Senin, 22 Juni 2009

tangisan hujan

:: show me the meaning of being fallen


Sore ini hujan tumpah tak terlampau deras. Tapi, selalu saja saya terobsesi padanya, seolah ia peri yang datang membawakan seribu mimpi kepada seorang anak manusia yang senantiasa dihimpit rasa sakit. Semasa kecil dulu, saya selalu tumpah-ruah di jejalanan desa, kadang bersama rekan-rekan sepermainan, kadang sendirian, membentangkan kedua tangan, menengadahkan wajah menantang langit, berkomat-kamit membuka-nutup mulut, mencumbui hujan... Selazimnya anak kecil, saya selalu tak peduli pada akibat dari segala perbuatan. Tak peduli sehabis berpuas diri berdekapan dengan hujan, tubuh akan diserang gigil, sering malah terserang demam berkepanjangan. Kepuasan, bagi anak-anak, mungkin lebih berharga bahkan dari sekedar nyawa sendiri.
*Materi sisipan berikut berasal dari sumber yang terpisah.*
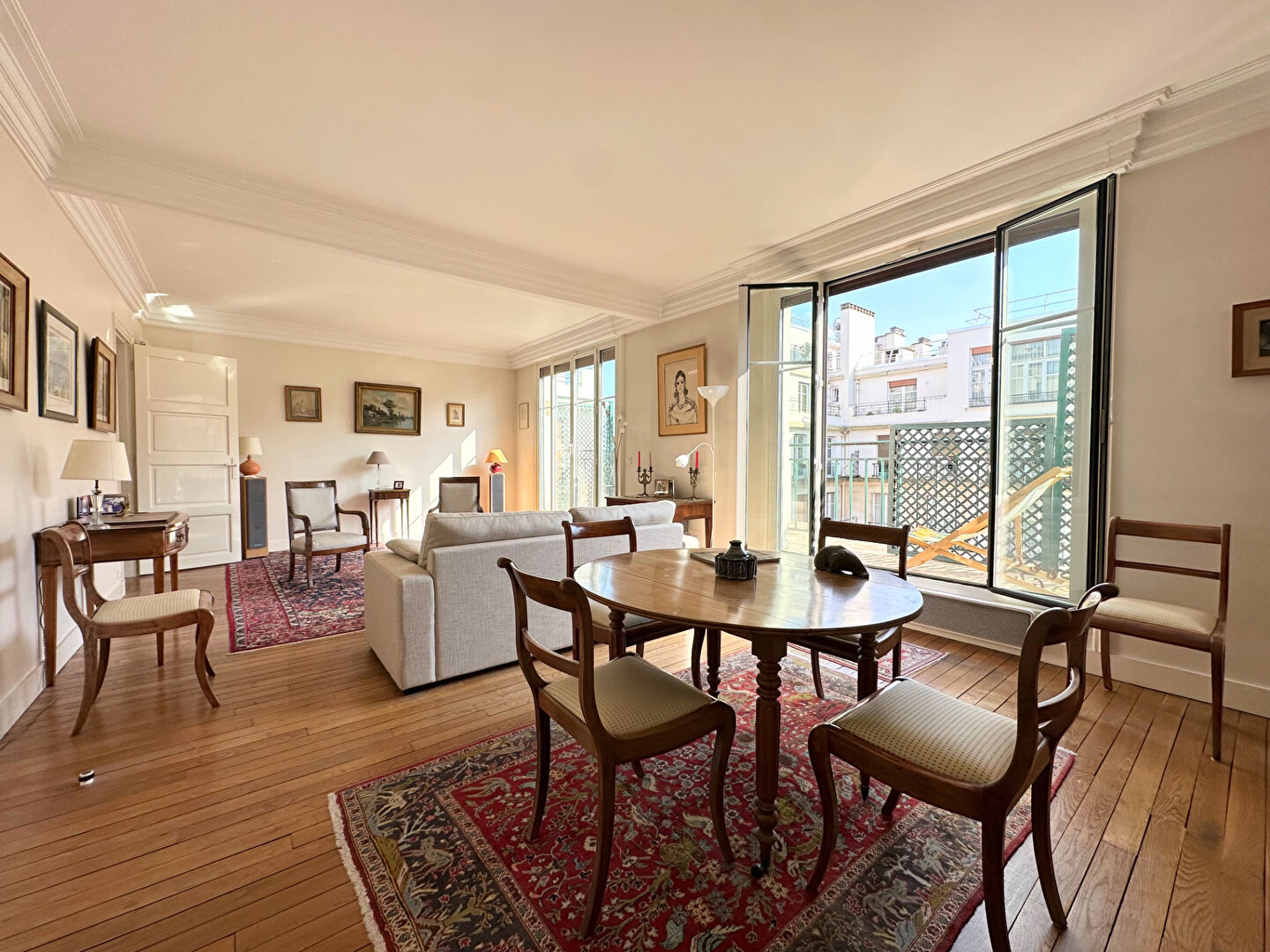 Photo Appartement Paris 4 pièce(s) 105 m2 image 4/6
Maut seolah cuma bualan atau khayalan yang didongengkan para pesakitan dan lansia jompo, sementara kepuasan sungguh perkara yang tak bisa ditunda-tunda. Maka selagi badan sedang tak tergolek karena sakit, saya serasa tak ingin terpisahkan dari berdekapan dengan hujan. Saya selalu menunggui saat-saat menjelang turun hujan di selasar rumah, dan selanjutnya menghambur ke jejalanan begitu butir-butir pertama air hujan berlesatan menusuki tanah. Riang bak menyambut piala kemenangan, rasanya.


Tapi tidak lagi, semenjak saya menyadari bahwa diri bukan anak kecil lagi, setidaknya untuk sore ini. Tubuh dan jiwaku terasa nyeri, perih, bahkan saat dalam bekapan hujan...
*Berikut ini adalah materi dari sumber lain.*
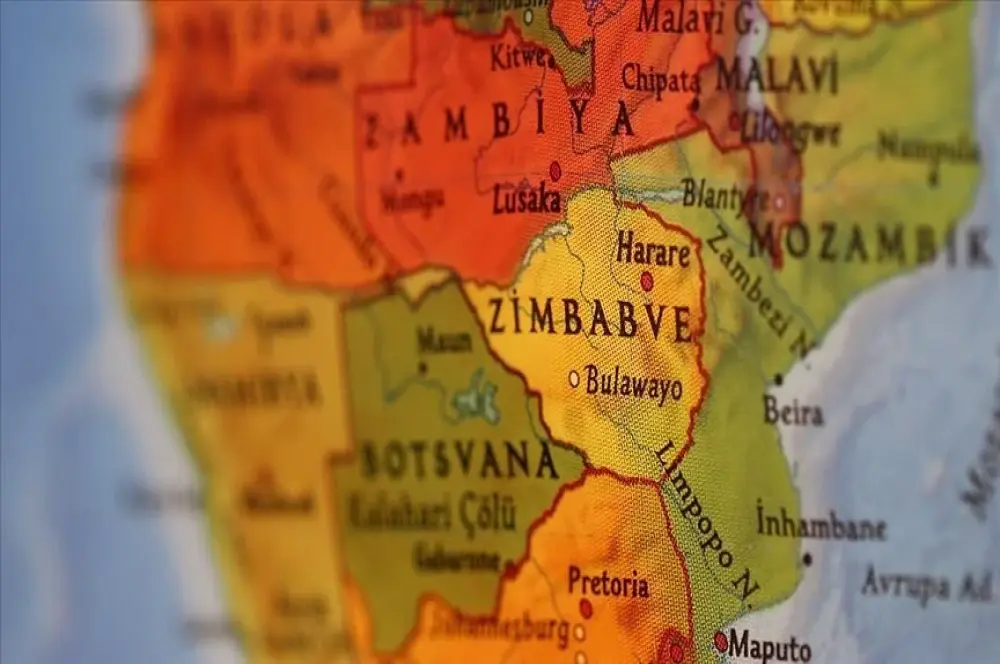 Zimbabve'de yeni para birimi tedavüle girdi Zimbabve'de yeni para birimi tedavüle girdi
Di senja kali ini, mataku berkaca-kaca, namun tetap kupaksa untuk menikmati hujan dari balik kaca naco jendela rumahku. Ada bulir-bulir air yang hendak tumpah dari dua kelopak mata, namun kucegah. Terasa ribuan bayangan masa silam, masa kecilku dulu, berhamburan satu per satu dalam ingatanku, selaiknya parade gambar (slide show) di layar komputer. Betapa aku terpesona pada mulanya. Namun pesona itu sedetik kemudian berganti kegetiran saat kusadari posisiku, siapa diriku, saat ini. Betapa manis masa silam, betapa remang hari sekarang. Ibarat harus membentang benang di antara puncak dan jurang, aku mesti kembali mendaki dengan hanya berpegangan pada sehelai benang yang nyata namun rapuh. Bila putus di tengah pendakian, aku akan makin terkubang di dalam jurang dan mau tak mau mesti mempersiapkan batu nisanku sedini mungkin. Begitulah, semenjak kecil kubangun mimpi-mimpi, bata demi bata, dengan telaten. Dan kau tahu, kini mimpi-mimpi itu runtuh perlahan, menimbunku, mengubur diriku dalam ketidakberdayaan.
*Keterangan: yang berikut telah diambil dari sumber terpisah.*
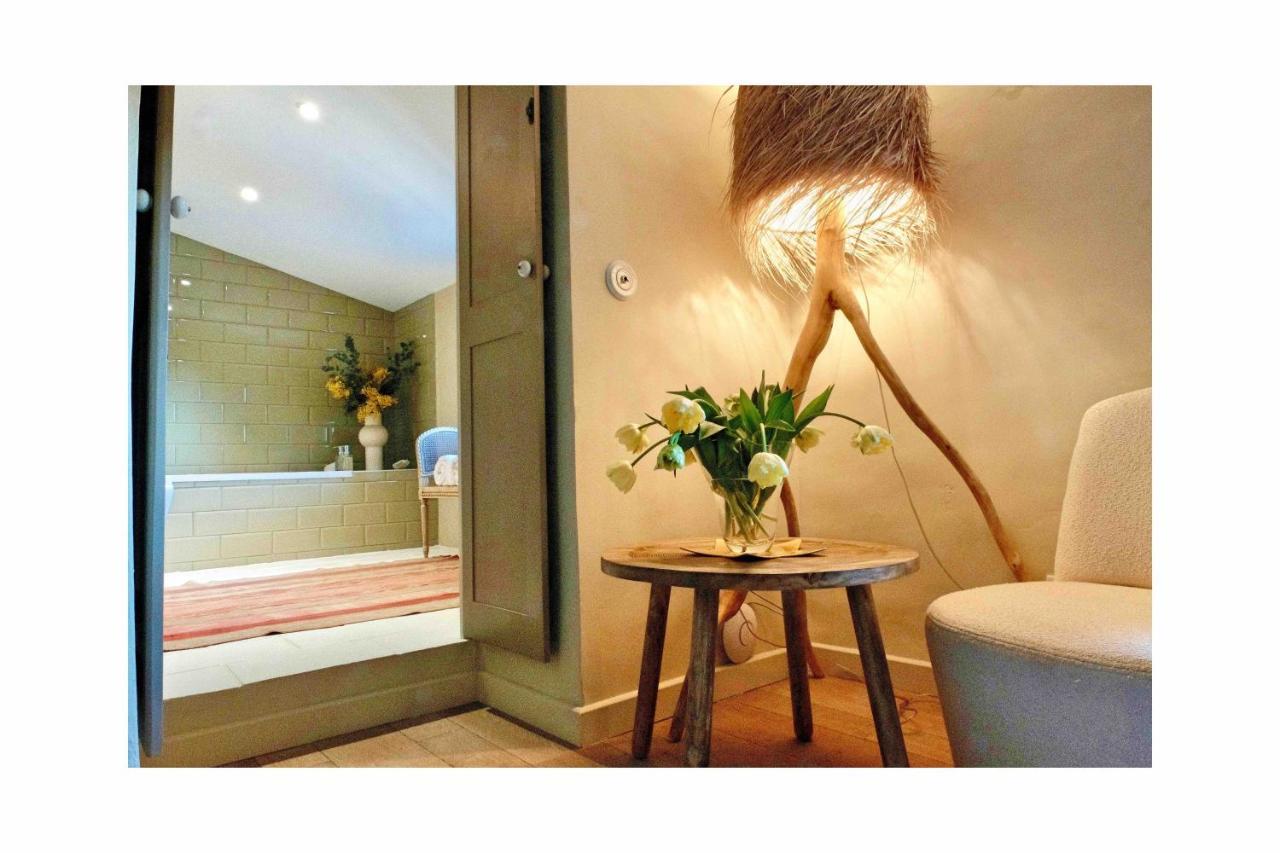 Les Jardins De Sitaara Bed & Breakfast Cucuron Dış mekan fotoğraf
Lalu aku menghambur ke luar menuju pekarangan belakang rumah. Kemudian kuambil posisi duduk berjongkok di bawah pohon kelapa, merasakan bulir-bulir air hujan yang menetes perlahan dari pepucuk dedaunan, membasahi sekujur tubuhku. Pandanganku tertuju pada segerombol pohon bambu yang dedaunannya mulai menghijau di musim penghujan kali ini, namun tatapanku kosong selaksa tak bersukma. Bayangan akan hari silam masih menyeruak memenuhi kepalaku. Makin pahit rasanya hidupku di senja ini biarpun sedang dalam dekapan hujan. Makin perih sakit itu, makin muak aku pada pilin-pilin takdir yang pelan-perlahan melumatkan hasrat hidupku.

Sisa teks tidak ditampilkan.